I don't have to sell my soul / He's already in me. / I don't need to sell my soul. / He's already in me. / I wanna be adored. / I wanna be adored. / I wanna, I wanna / I wanna be adored. / I wanna, I wanna / I gotta be adored.

I had planned to wrap up this post by asking how these attractive and otherwise intelligent women could become so deluded that they see themselves as ugly because they lack a robust bust? Is it a personal obsession? Are they damned, as the Stone Roses song suggests, with their vanity attributed to the Devil (He) inside of them? Or is the superficiality and materiality of our postmodern society to blame for these women not being able to see themselves for the beauties that they are?

Then I realized that I was making an assumption in this questioning -- that these women are, in fact, beautiful. One could argue they are not, and that presupposition would entail a different line of questioning.

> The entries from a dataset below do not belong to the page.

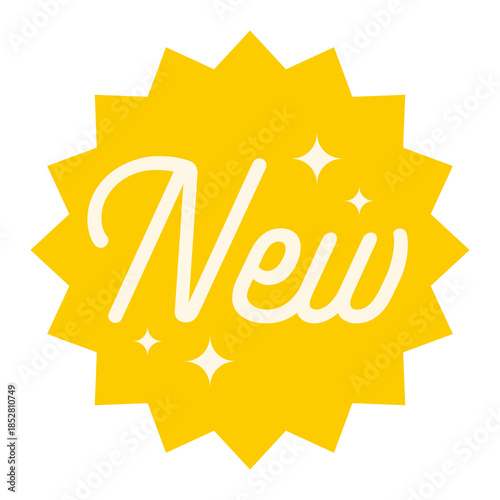 Promotional new sticker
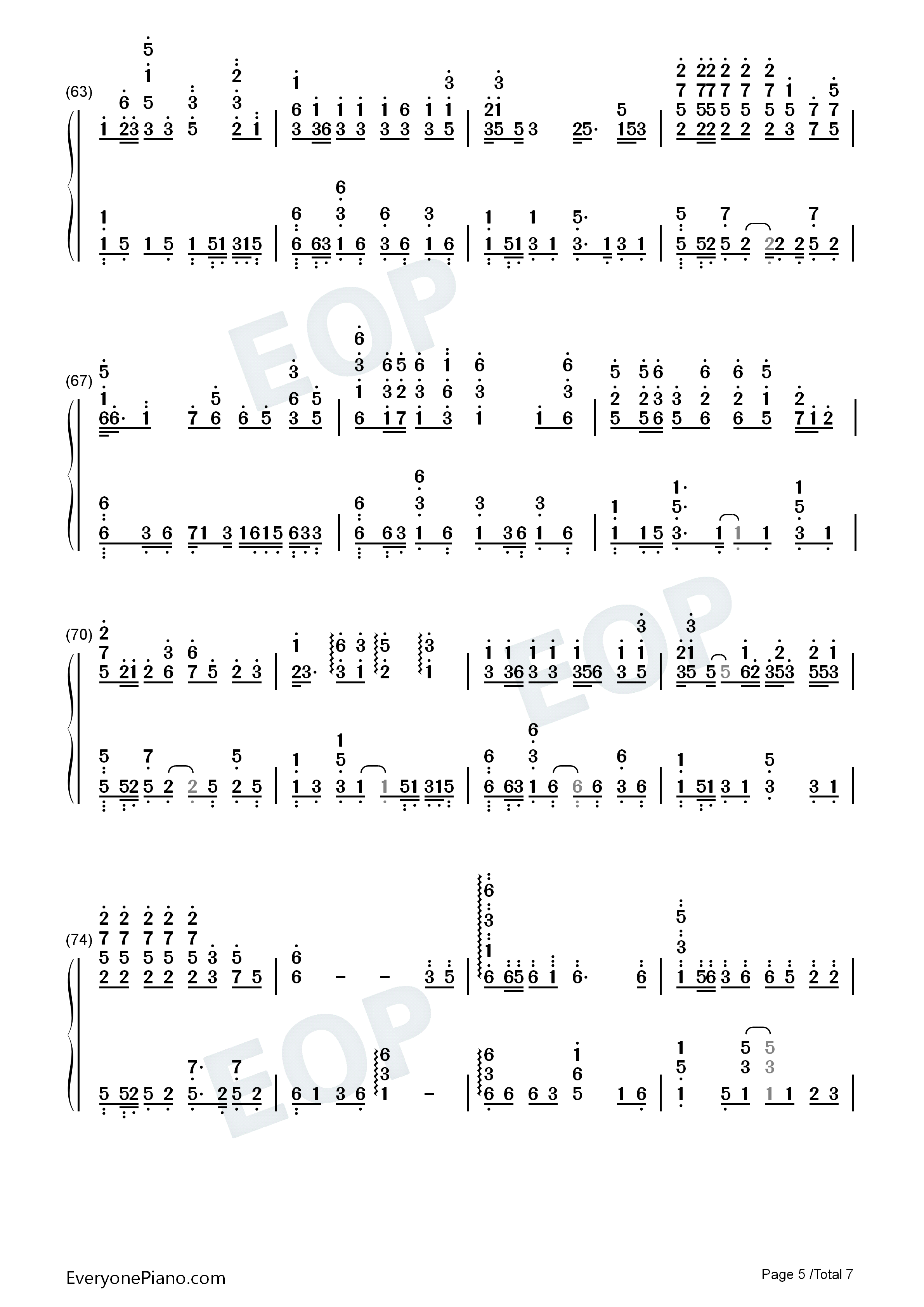 一生与你擦肩而过钢琴简谱_阿悠悠演唱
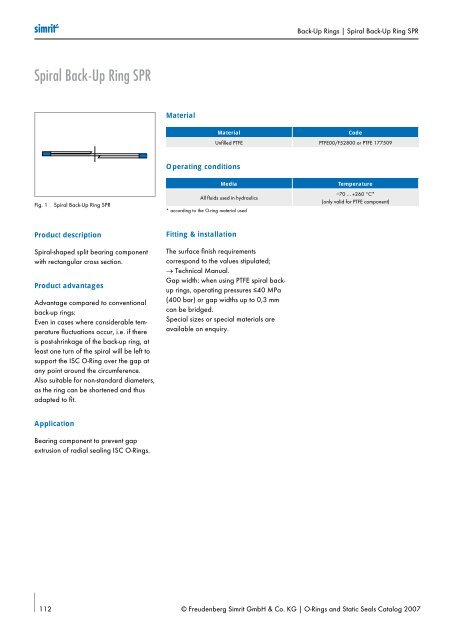 Simrit 2007 Catalogue O-ring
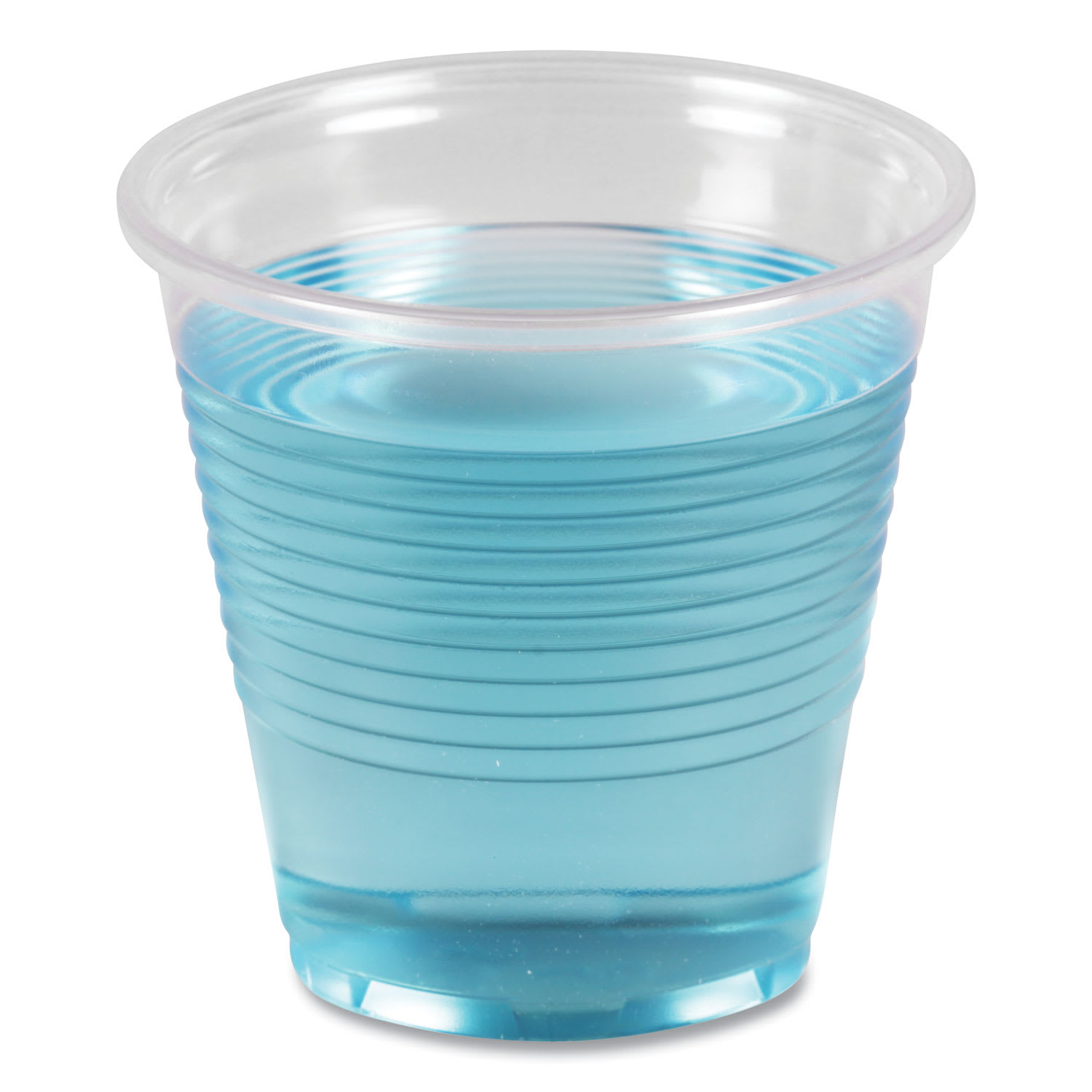 Boardwalk TRANSCUP5CT Translucent Plastic Cold Cups, 5 Oz, Polypropylene, 100 Cups/Sleeve, 25 Sleeves/Carton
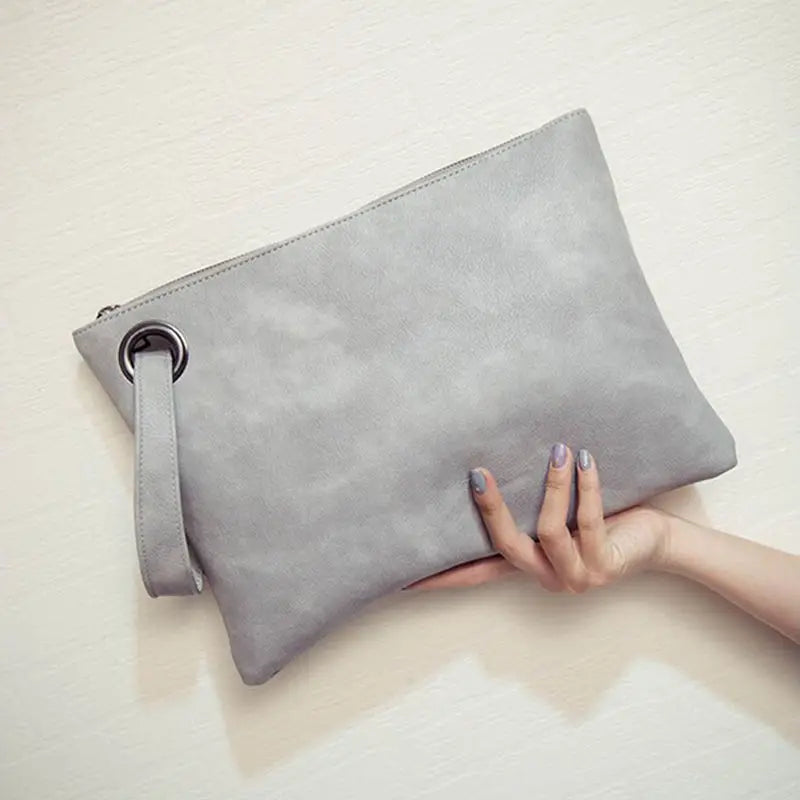 FREE SHIPPING/ Fashion solid women's clutch bag leather women envelope bag clutch  female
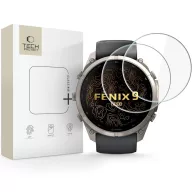   Tech-Protect Glass Fit+ Garmin Fenix 9 Pro (47mm) kijelzővédő üvegfólia, átlátszó (2db)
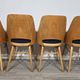 Dining Chairs by Radomir Hoffman for Ton, 1950s, Set of 4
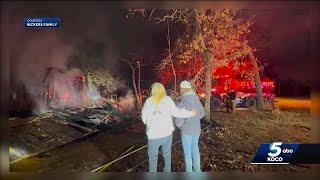 Family reeling after tornado destroyed home, fire destroys new home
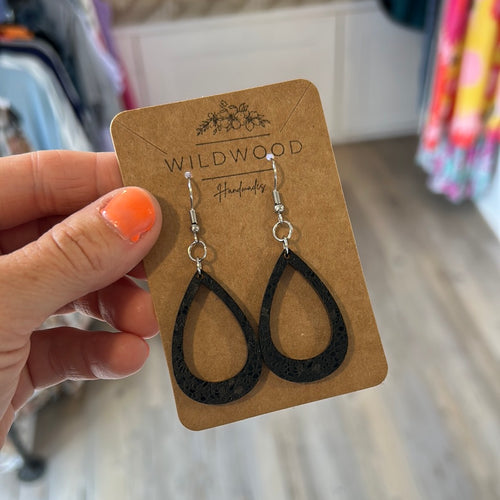 Black Lace Earrings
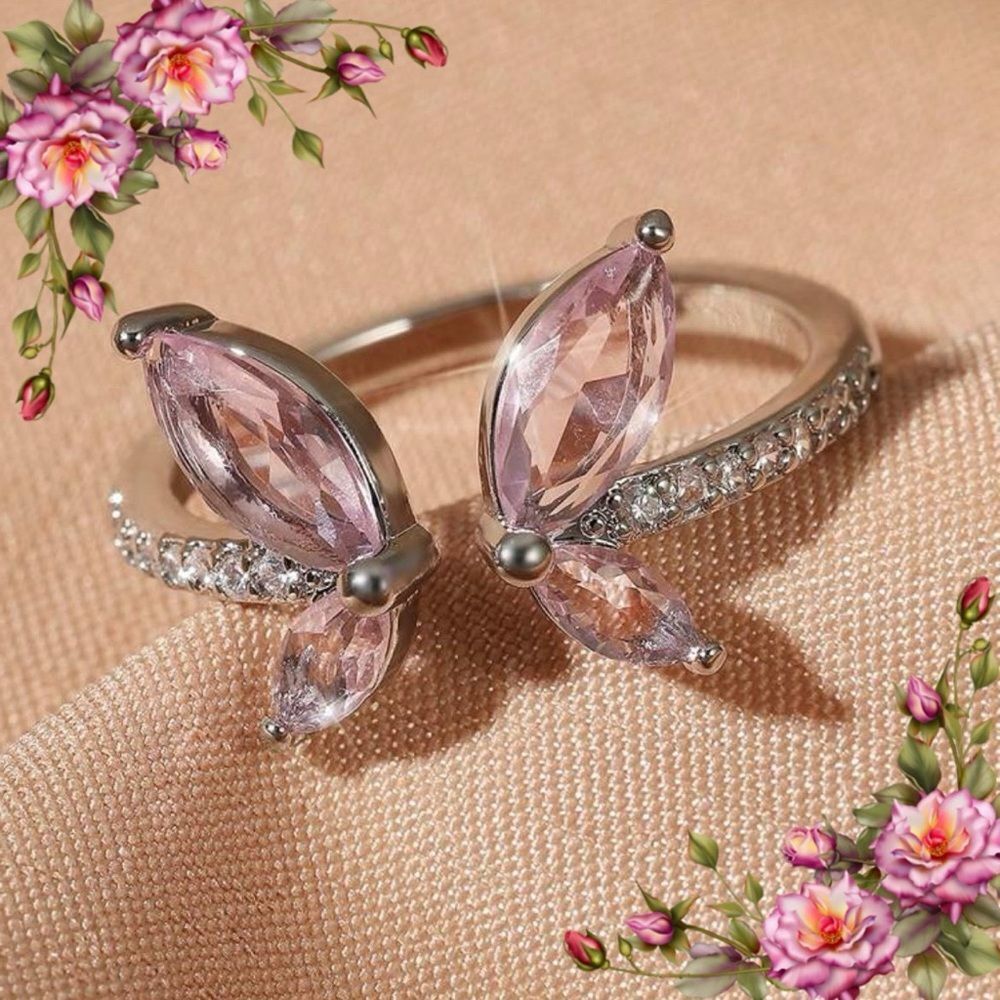 Copper Butterfly Decor Cuff Ring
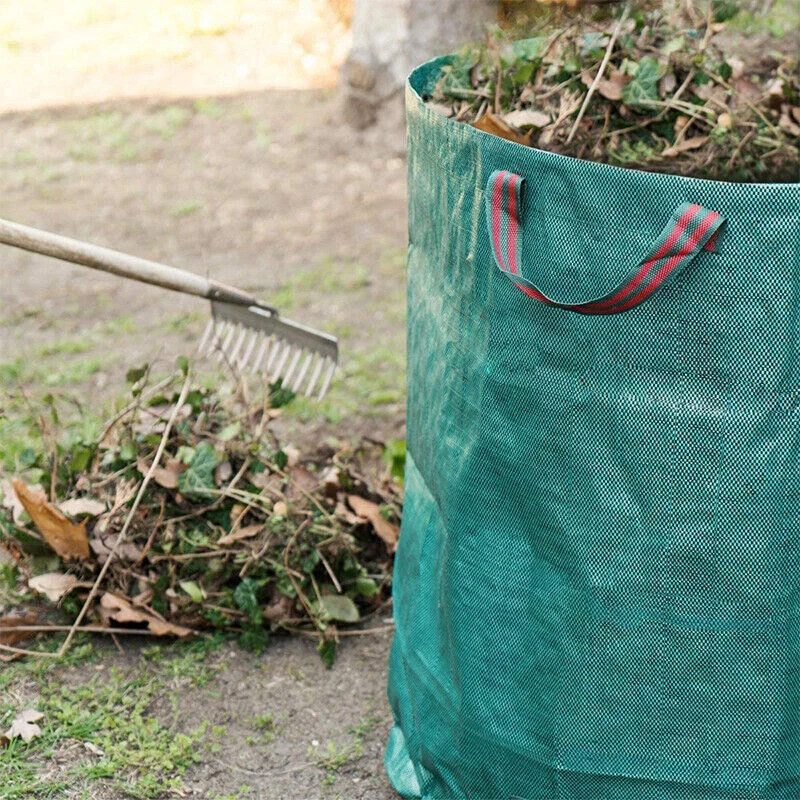 2X 500 2X272 L Large Garden Waste Bags Refuse Heavy Duty Sacks Grass Leaves — image 10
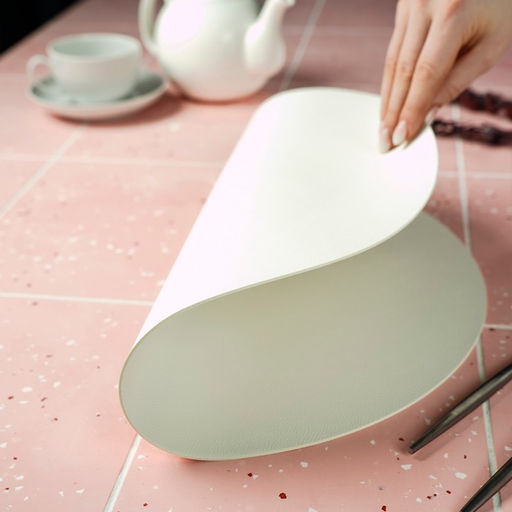 Цена за 12 шт. Салфетка сервировочная на стол Тэм, d=35 см, цвет белый - Simaland фото 4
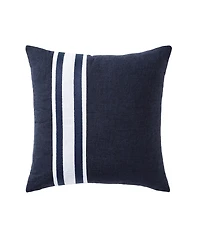Nautica Sailor Harbor Embroidered Square Pillow, 20" X 20"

However, I personally could never make such an argument, and I realize it is because of a superficial bias all my own -- I am entirely too attracted to hearing British women talk about their breasts, big or small, to speak about them objectively. (Btw, there is another BBC documentary "My Big Breasts And Me" dealing with the flip side of the coin.)

I always found the British accent to be alluring, but when discussing this topic of conversation in particular, it's simply irresistible. Perhaps I need help with this infatuation as much as they do. Maybe there's a Web site out there for me to turn to.


Anonymous said...

Perhaps you should consider breast augmentation for yourself, then you could look at them all day. Not sure how to address the british accent issue though, maybe linguistic classes?

Sam said...

P.S. The Asian girl is Australian, with a very distinct Australian accent.